- _BRIEF_: Among the records below, find the line with "Lancaster „My Sun" and the line with "Bāra Krēsli, 2 Gab., Dabīgā Āda Vidaxl". Set down both and every line between, exactly and with no pictures, but nothing else.

- _MATERIAL FOR THIS TASK_:

○ ○ ○ ○

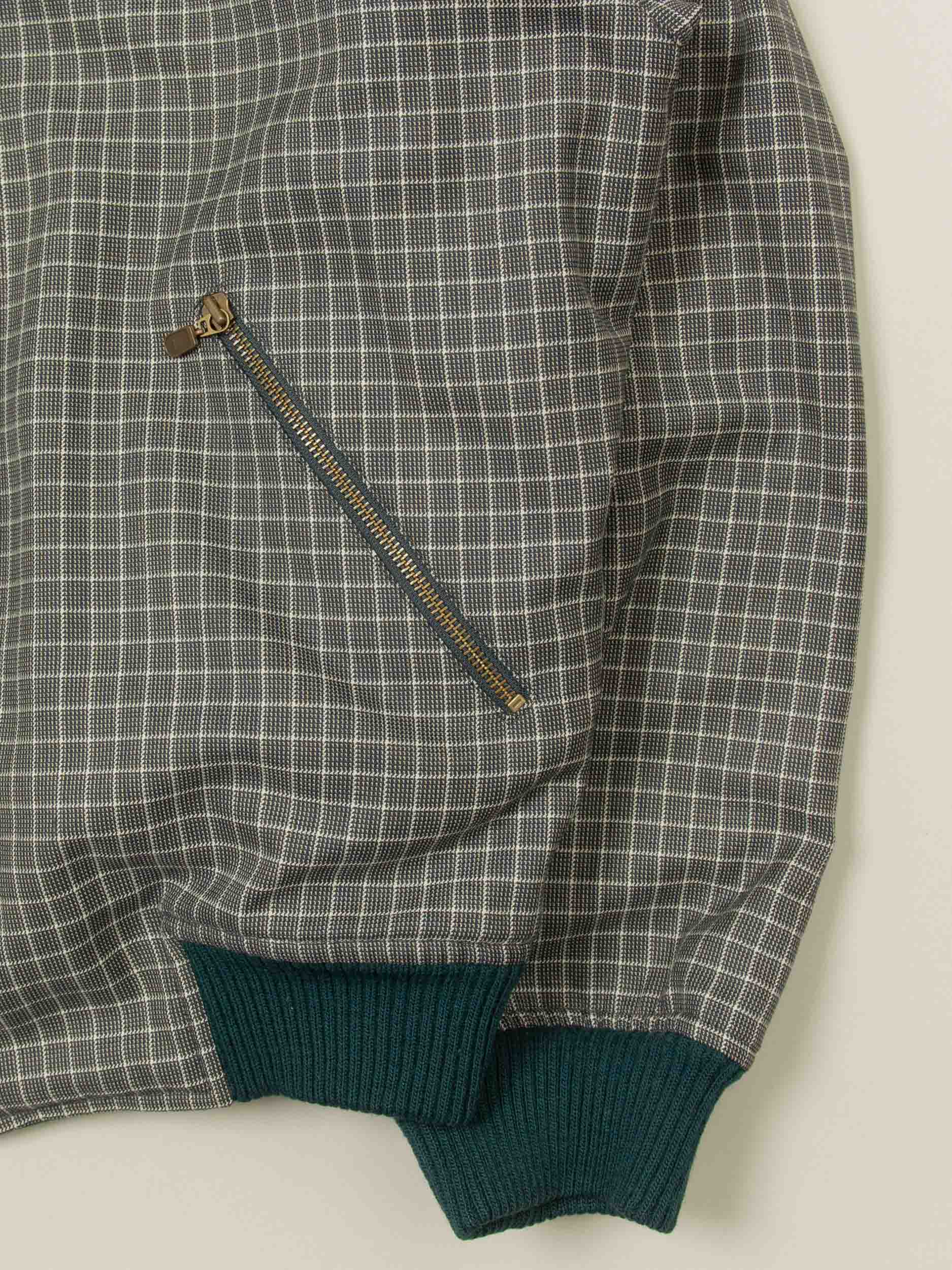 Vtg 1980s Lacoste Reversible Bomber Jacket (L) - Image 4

○ ○ ○ ○

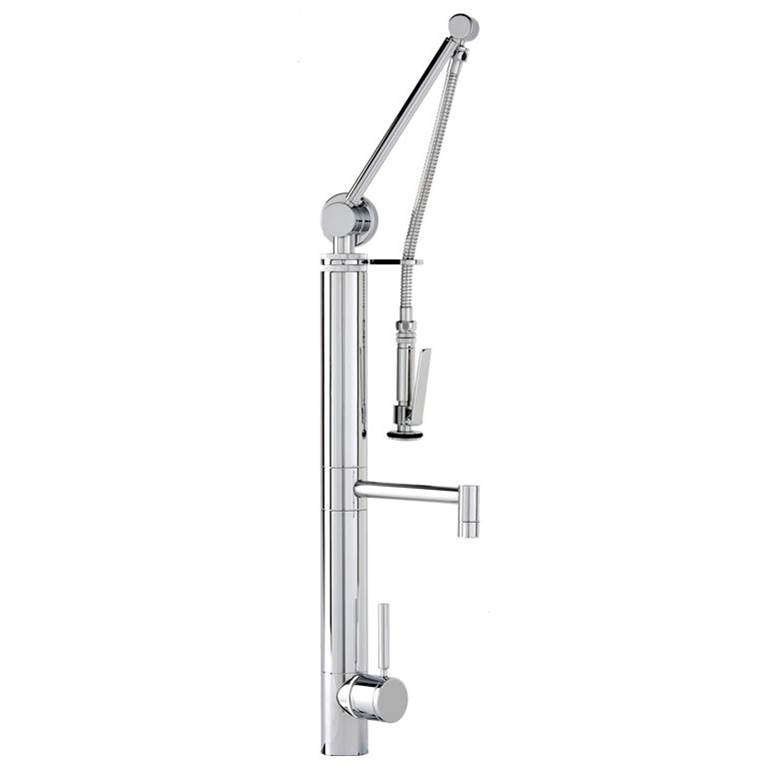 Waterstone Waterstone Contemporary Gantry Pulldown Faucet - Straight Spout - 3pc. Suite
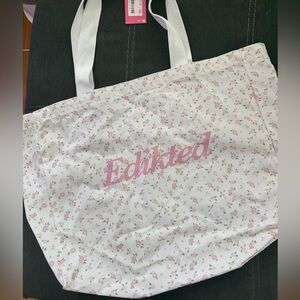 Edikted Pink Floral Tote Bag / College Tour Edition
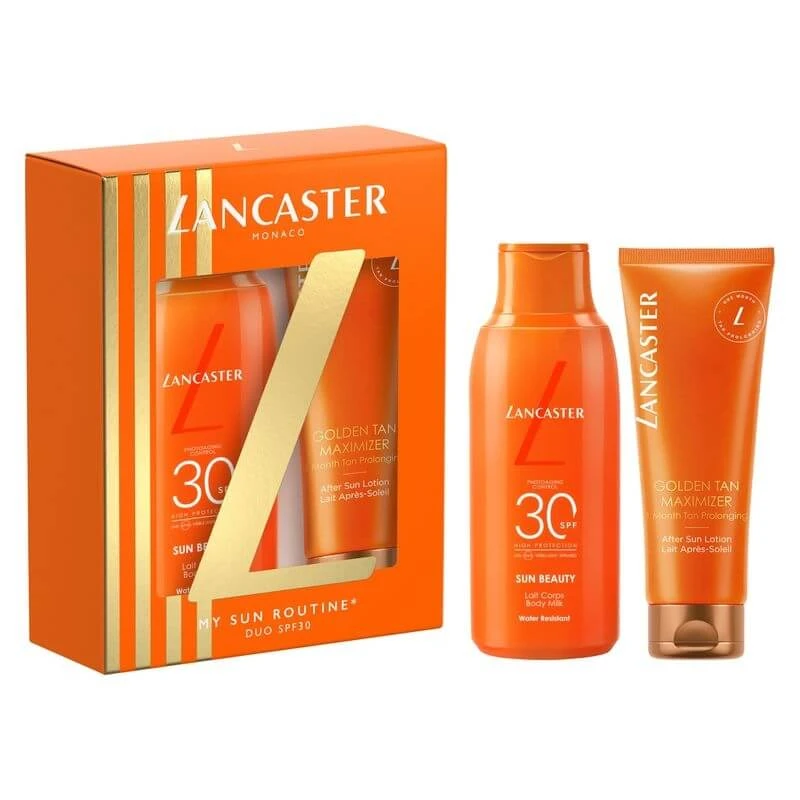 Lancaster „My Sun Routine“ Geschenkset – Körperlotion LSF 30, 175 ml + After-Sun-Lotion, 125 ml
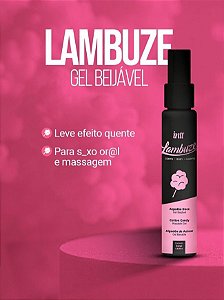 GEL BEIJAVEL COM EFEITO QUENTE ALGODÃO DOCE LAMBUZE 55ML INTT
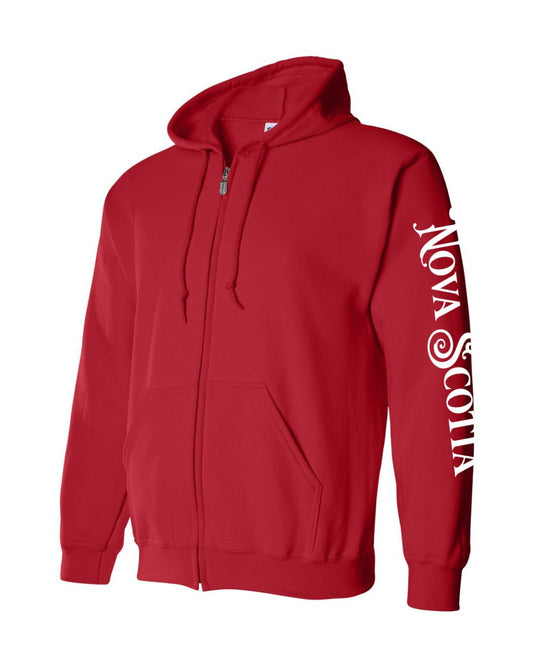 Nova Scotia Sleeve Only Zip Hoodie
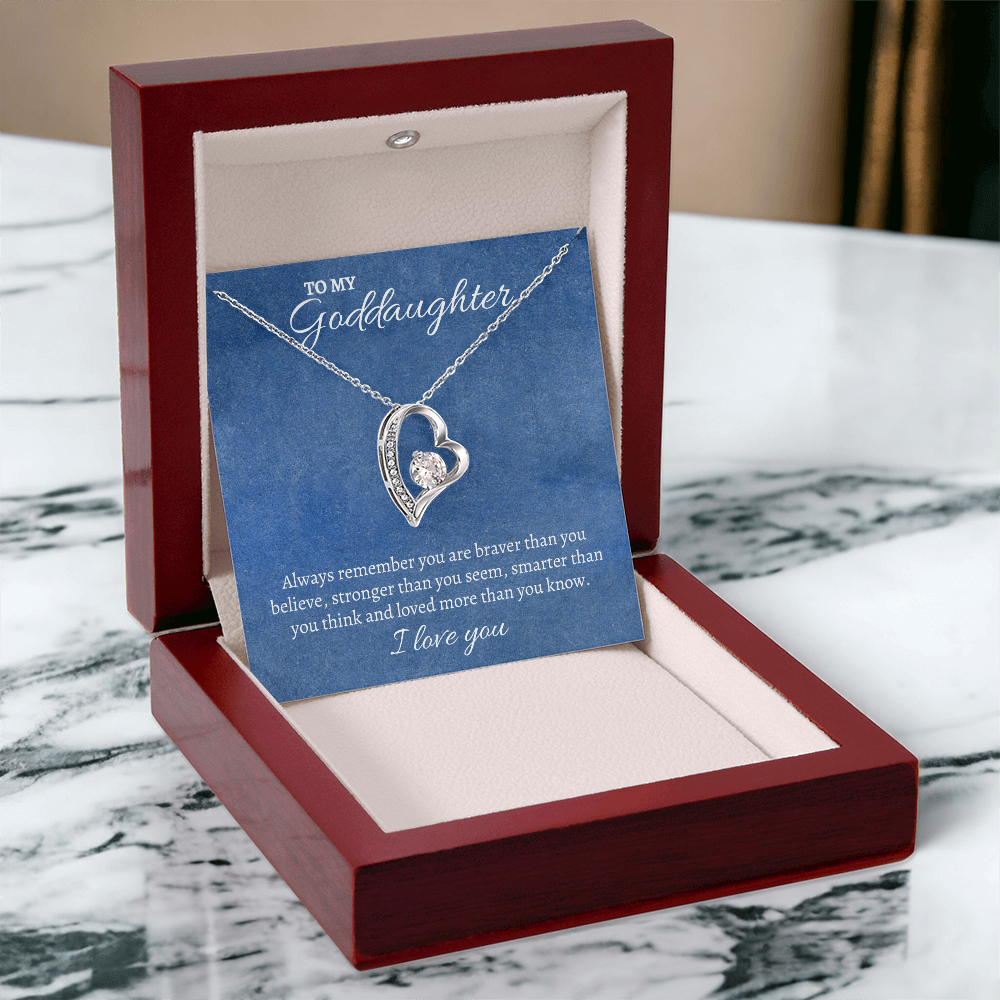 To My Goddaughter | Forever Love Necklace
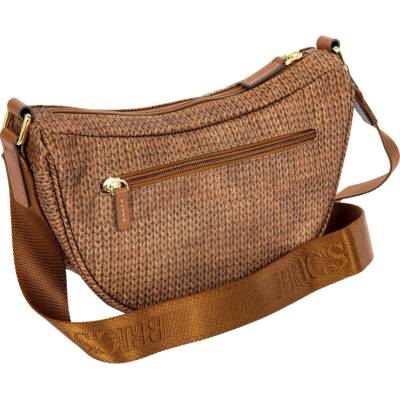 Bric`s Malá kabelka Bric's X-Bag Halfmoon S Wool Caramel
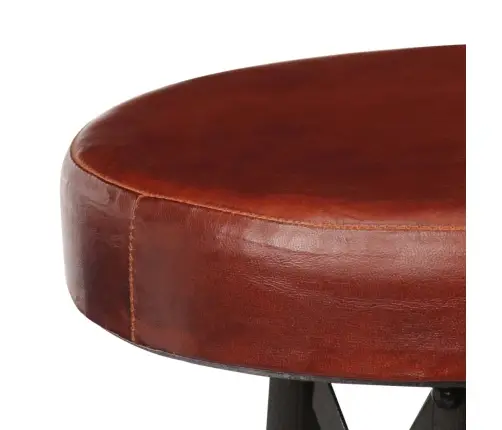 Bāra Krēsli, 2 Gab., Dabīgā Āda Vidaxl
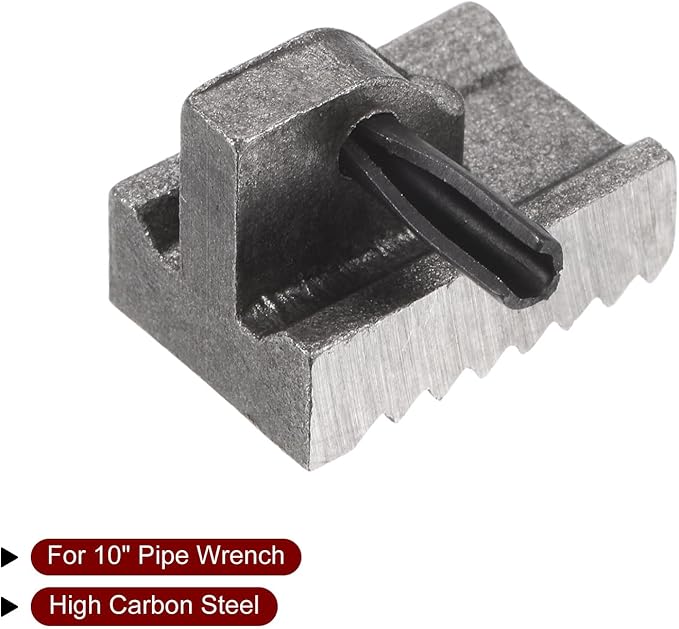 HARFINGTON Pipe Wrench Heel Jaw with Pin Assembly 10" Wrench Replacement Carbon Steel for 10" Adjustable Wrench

○ ○ ○ ○

- _RESULT OF THE TASK_:
 Lancaster „My Sun Routine“ Geschenkset – Körperlotion LSF 30, 175 ml + After-Sun-Lotion, 125 ml
 GEL BEIJAVEL COM EFEITO QUENTE ALGODÃO DOCE LAMBUZE 55ML INTT
 Nova Scotia Sleeve Only Zip Hoodie
 To My Goddaughter | Forever Love Necklace
 Bric`s Malá kabelka Bric's X-Bag Halfmoon S Wool Caramel
 Bāra Krēsli, 2 Gab., Dabīgā Āda Vidaxl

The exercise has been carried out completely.